These all serve as reminders that history is occurring. And maybe some readers do, in fact, require that reminder. But Roland is so passive that one gets the sense he’d be exactly the same guy in any other century, only with a different haircut. In all dimensions he is a recipient and not a bestower — of checks, mail, phone calls, confidences, advice, instructions, orders. In the absence of much physical description it’s easy to picture Roland as a mythical hybrid of man and shopping cart: a wheeled receptacle shoved by unseen hands across the asphalt of life.
Critics have observed that McEwan likes to slice time into “before” and “after” segments by building his plots around a decisive event. Here he delicately transfers the task to Roland, who is ever scrambling to identify his own turning point. That passivity, for example — is it the outcome of Miriam’s early meddling? The eternal inability to thrive — could it originate in Alissa’s abandonment? Did one barbaric woman sketch a blueprint for the second? His attempt to reconcile causes with effects is a consummate failure.
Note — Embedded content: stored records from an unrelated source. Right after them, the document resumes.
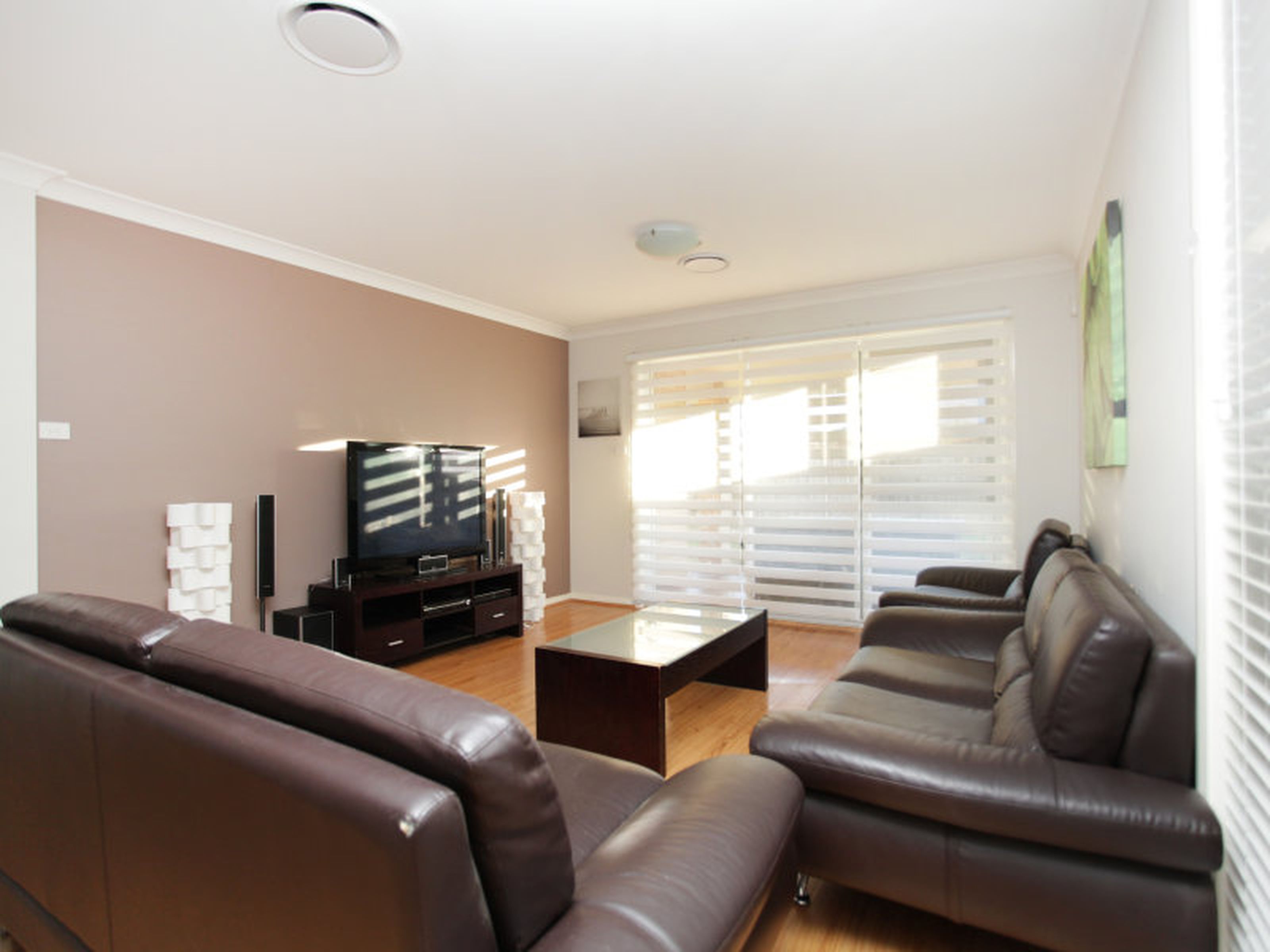 15 Prion Avenue, CRANEBROOK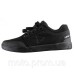Взуття LEATT 2.0 Flat Shoe [Black] 8.5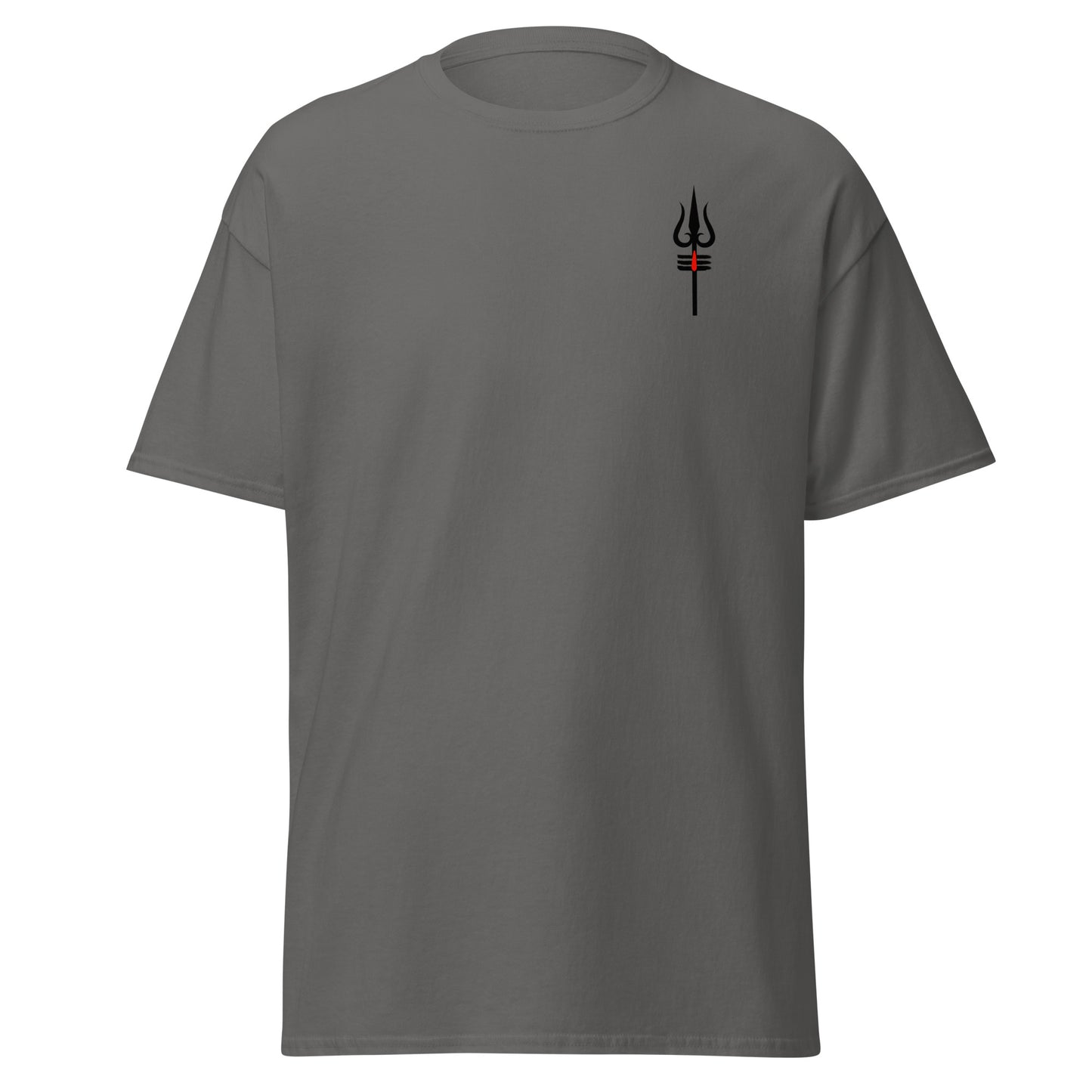 Shiva Tee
One way to read “Lessons” is as a self-repudiation of the maneuver at which McEwan has become virtuosic. More authors should repudiate their virtuosity. The results are exciting.
Decades after Roland’s last sighting of Miriam, a police officer appears at his door. “A whole new culture” has arisen, the cop explains. Miriam could go to jail for her crimes. But Roland isn’t sure the proposed punishment fits the crime. His mind is a “tipping falling tumult” of contrary notions: The relationship provided joy and erotic purpose; it corrupted him; he was complicit; no, not complicit — complicity is shorthand for a victim’s customary self-blame. Did Miriam destroy him? Was it possible to be destroyed and not know it?
And, title in mind, what lessons has Roland learned? From women, perhaps not much. From the newspapers, that history’s unfurling exists independent of a novelist’s desire to plot and signify. Lucky, then, that Roland has McEwan on his side.